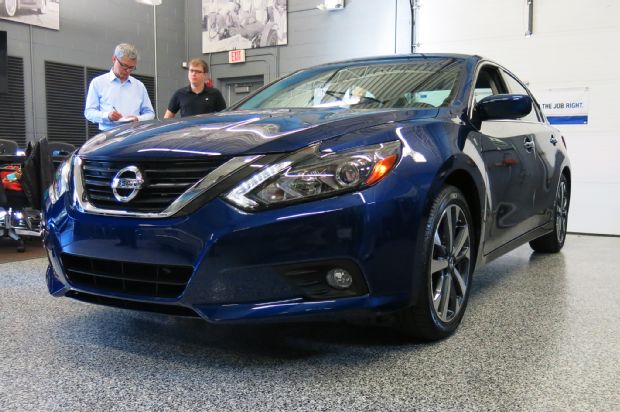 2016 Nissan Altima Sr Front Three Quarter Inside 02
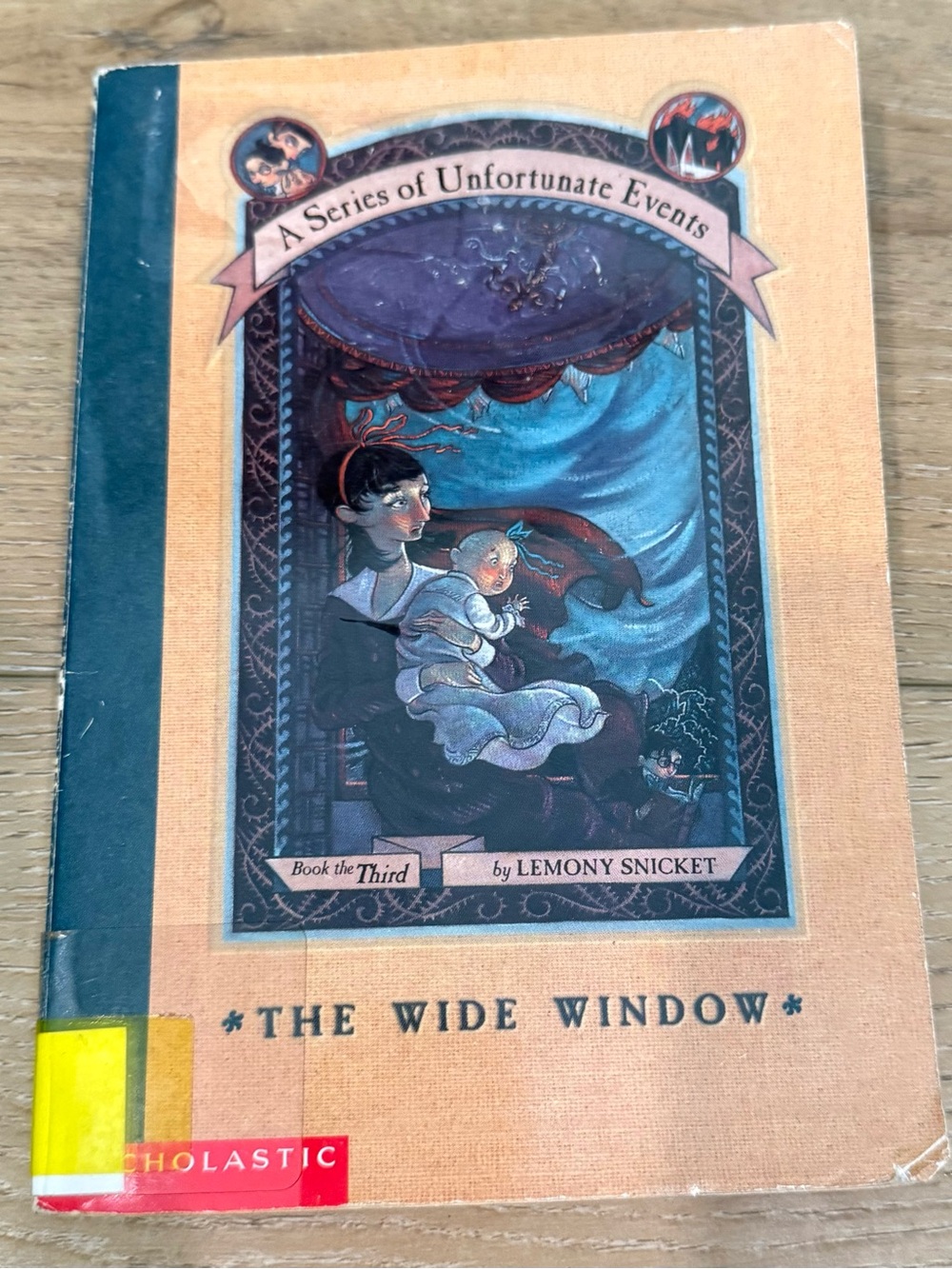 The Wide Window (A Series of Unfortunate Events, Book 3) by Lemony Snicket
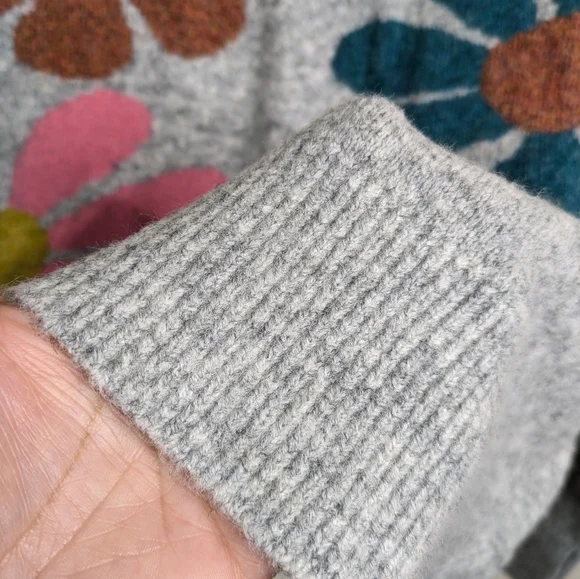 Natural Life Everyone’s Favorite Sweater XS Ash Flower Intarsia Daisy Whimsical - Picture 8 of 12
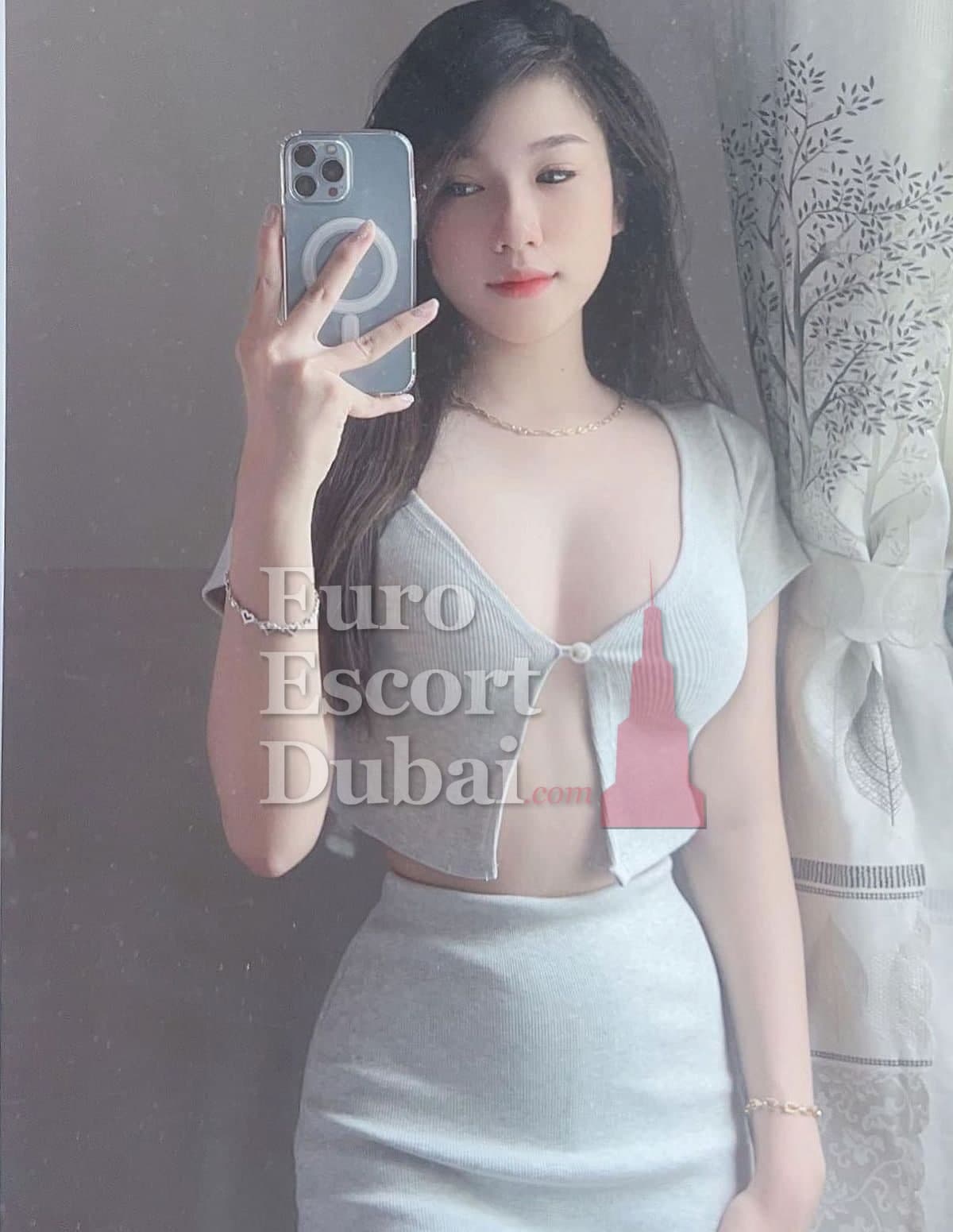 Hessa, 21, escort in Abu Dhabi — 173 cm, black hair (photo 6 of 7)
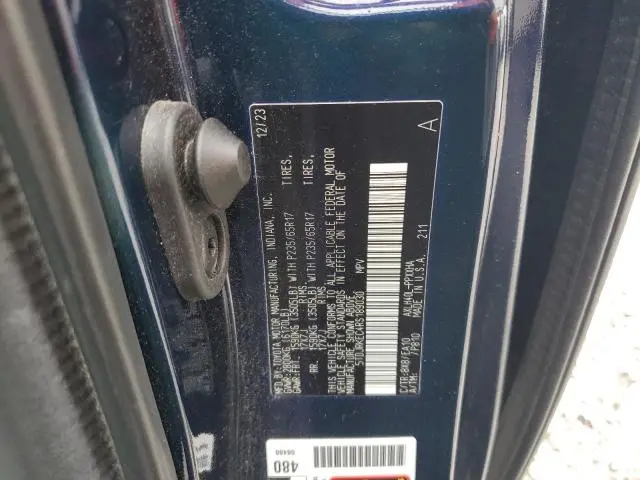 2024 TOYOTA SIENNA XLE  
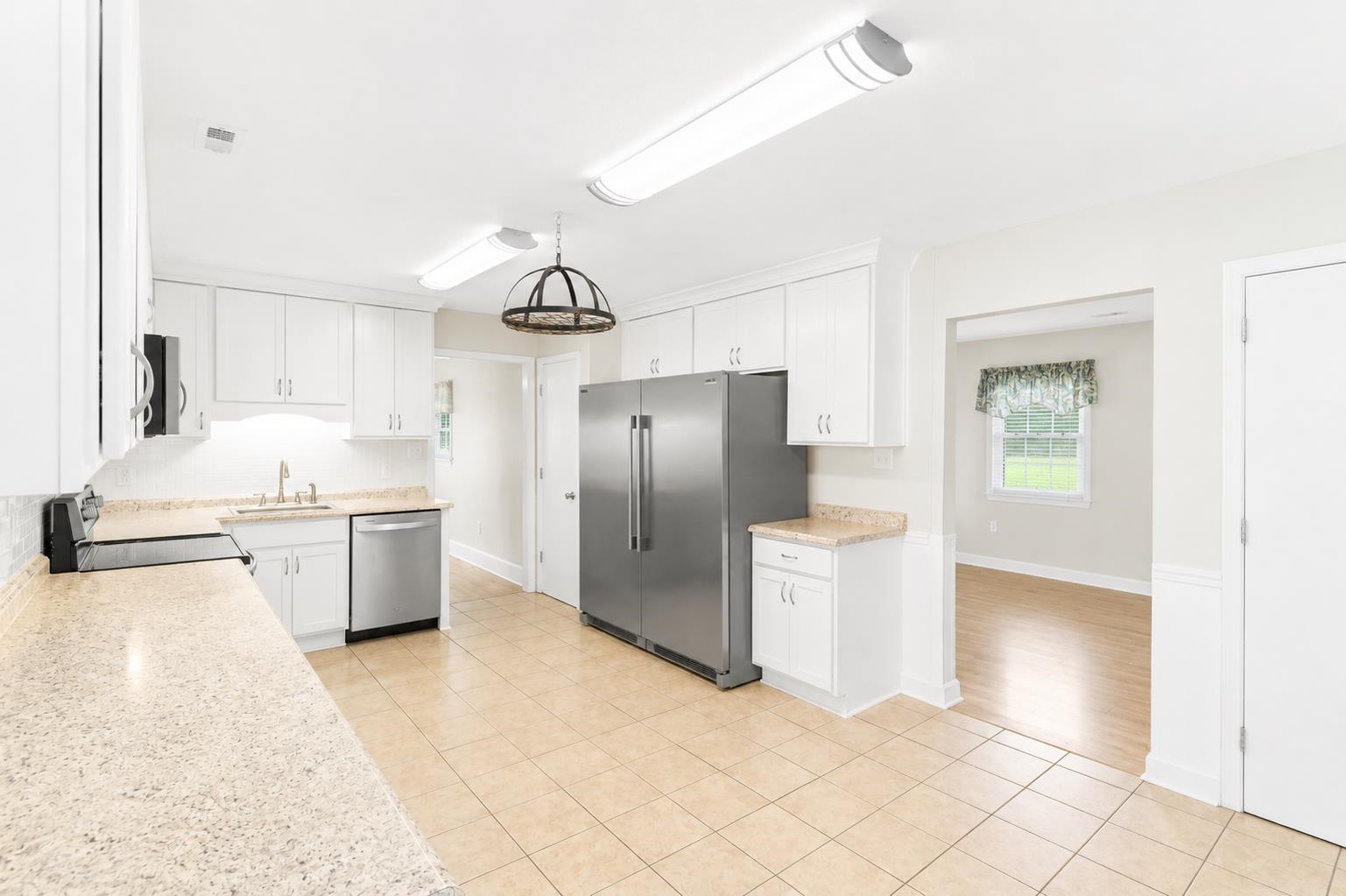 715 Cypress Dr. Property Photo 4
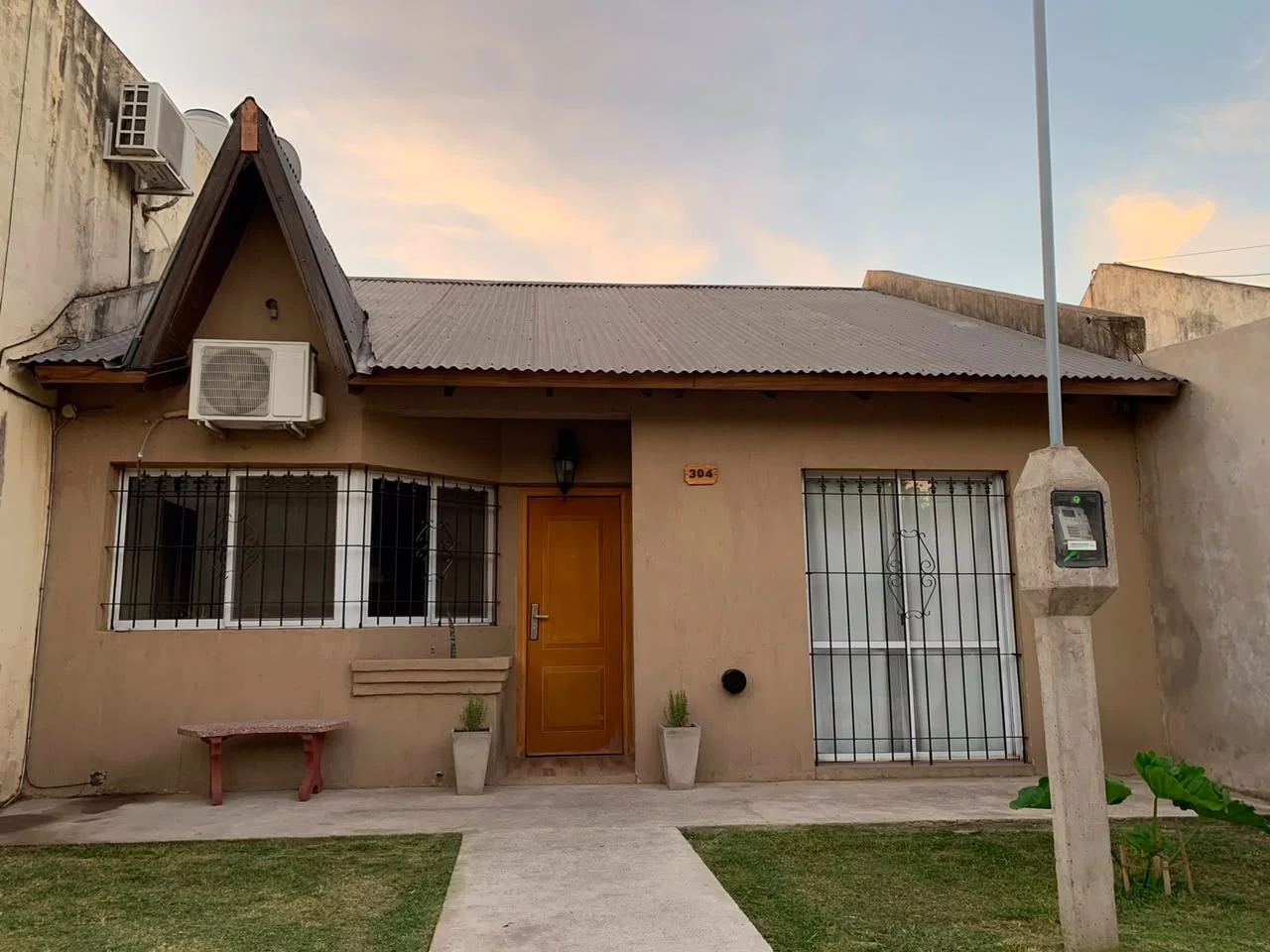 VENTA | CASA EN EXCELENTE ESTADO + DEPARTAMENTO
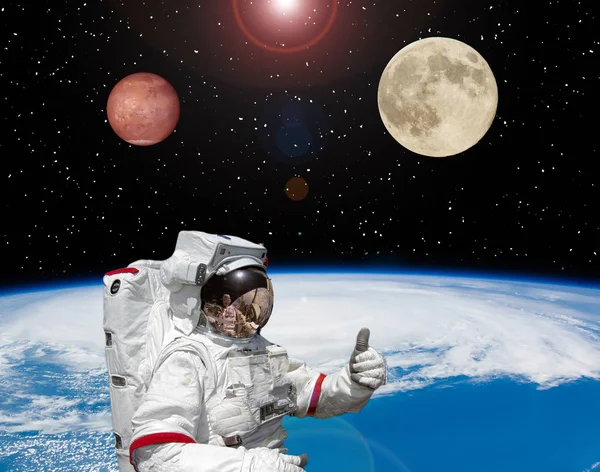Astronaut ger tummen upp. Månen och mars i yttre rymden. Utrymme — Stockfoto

───

The reply should consist only of the lines running from the one with "Hessa, 21, escort" through the end of the material, both included, copied exactly; please omit pictures.

* _Task solution_:
 Hessa, 21, escort in Abu Dhabi — 173 cm, black hair (photo 6 of 7)
 2024 TOYOTA SIENNA XLE  
 715 Cypress Dr. Property Photo 4
 VENTA | CASA EN EXCELENTE ESTADO + DEPARTAMENTO
Astronaut ger tummen upp. Månen och mars i yttre rymden. Utrymme — Stockfoto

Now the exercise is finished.